Private Credit Titans Warn of Turbulence as AI Threatens Corporate Stability
Private Credit Titans Warn of Turbulence Amid AI Disruption

Private Credit Titans Warn of Turbulence as AI Threatens Corporate Stability

Amid the worst stock market start in over a decade, leaders of Wall Street's largest private markets firms are delivering a sobering message: investors should brace for significant challenges ahead. From Blue Owl Capital Inc. to Blackstone Inc., private credit funds across the industry are confronting mounting withdrawal requests while analysts warn that default rates could skyrocket if artificial intelligence disrupts corporate America as extensively as some experts predict.

Mounting Pressure Across Private Markets

In the private equity sector, managers are finding it increasingly difficult to sell assets and return capital to investors, compelling them to resort to costly debt instruments to generate returns from their acquired businesses. This comes as private credit funds face what industry insiders describe as a "wave of withdrawals" that threatens to expose underlying vulnerabilities in the rapidly expanding sector.

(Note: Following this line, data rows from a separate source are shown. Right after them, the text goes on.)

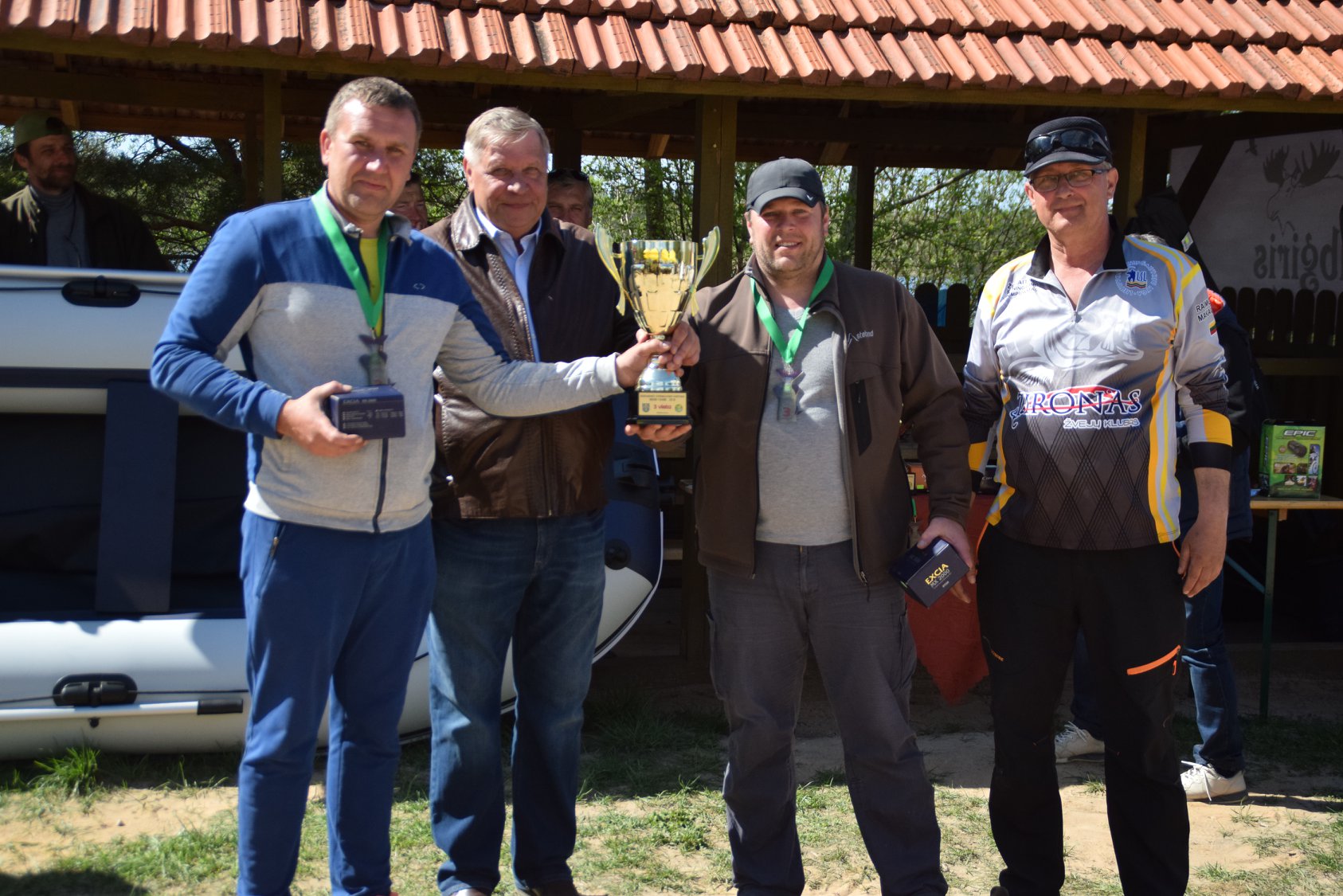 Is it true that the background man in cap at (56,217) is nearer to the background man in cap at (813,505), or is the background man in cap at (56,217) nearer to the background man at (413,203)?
the background man at (413,203)

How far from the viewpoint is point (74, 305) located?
426 cm

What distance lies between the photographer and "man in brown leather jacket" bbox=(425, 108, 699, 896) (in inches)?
115

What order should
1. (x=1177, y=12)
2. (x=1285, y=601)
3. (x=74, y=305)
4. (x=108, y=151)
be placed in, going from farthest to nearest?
(x=108, y=151) < (x=1285, y=601) < (x=1177, y=12) < (x=74, y=305)

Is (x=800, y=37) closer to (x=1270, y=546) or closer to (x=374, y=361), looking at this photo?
(x=1270, y=546)

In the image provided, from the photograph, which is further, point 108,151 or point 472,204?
point 108,151

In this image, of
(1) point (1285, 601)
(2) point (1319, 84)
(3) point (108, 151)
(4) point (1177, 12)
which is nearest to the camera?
(2) point (1319, 84)

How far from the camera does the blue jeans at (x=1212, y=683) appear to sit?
13.2ft

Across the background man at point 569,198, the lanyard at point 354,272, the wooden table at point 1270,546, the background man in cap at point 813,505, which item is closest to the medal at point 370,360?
the lanyard at point 354,272

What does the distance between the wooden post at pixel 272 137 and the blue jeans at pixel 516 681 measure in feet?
7.95

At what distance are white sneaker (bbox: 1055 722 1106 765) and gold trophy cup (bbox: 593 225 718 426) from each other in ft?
8.09

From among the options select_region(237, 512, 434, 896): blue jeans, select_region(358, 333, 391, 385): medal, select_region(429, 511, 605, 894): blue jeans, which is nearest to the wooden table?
select_region(429, 511, 605, 894): blue jeans

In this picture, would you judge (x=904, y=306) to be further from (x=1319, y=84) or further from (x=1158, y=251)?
(x=1319, y=84)

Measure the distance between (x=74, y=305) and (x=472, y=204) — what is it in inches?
80.7

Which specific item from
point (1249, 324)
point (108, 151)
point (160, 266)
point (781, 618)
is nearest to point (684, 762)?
point (781, 618)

"People made choices: If you wanted a higher dividend, you could take more risk," Apollo Global Management Inc. chief executive Marc Rowan stated during his appearance at the Bloomberg Invest conference. "That felt really good on the way up. That's not going to feel so good on the way down."

Executives Sound Alarm on Coming Challenges

Rowan was among numerous executives warning of additional troubles facing the industry during Tuesday's conference. Soros Fund Management Chief Investment Officer Dawn Fitzpatrick predicted that investors in both private credit and private equity are in for "a painful 18 to 24 months" as market conditions deteriorate.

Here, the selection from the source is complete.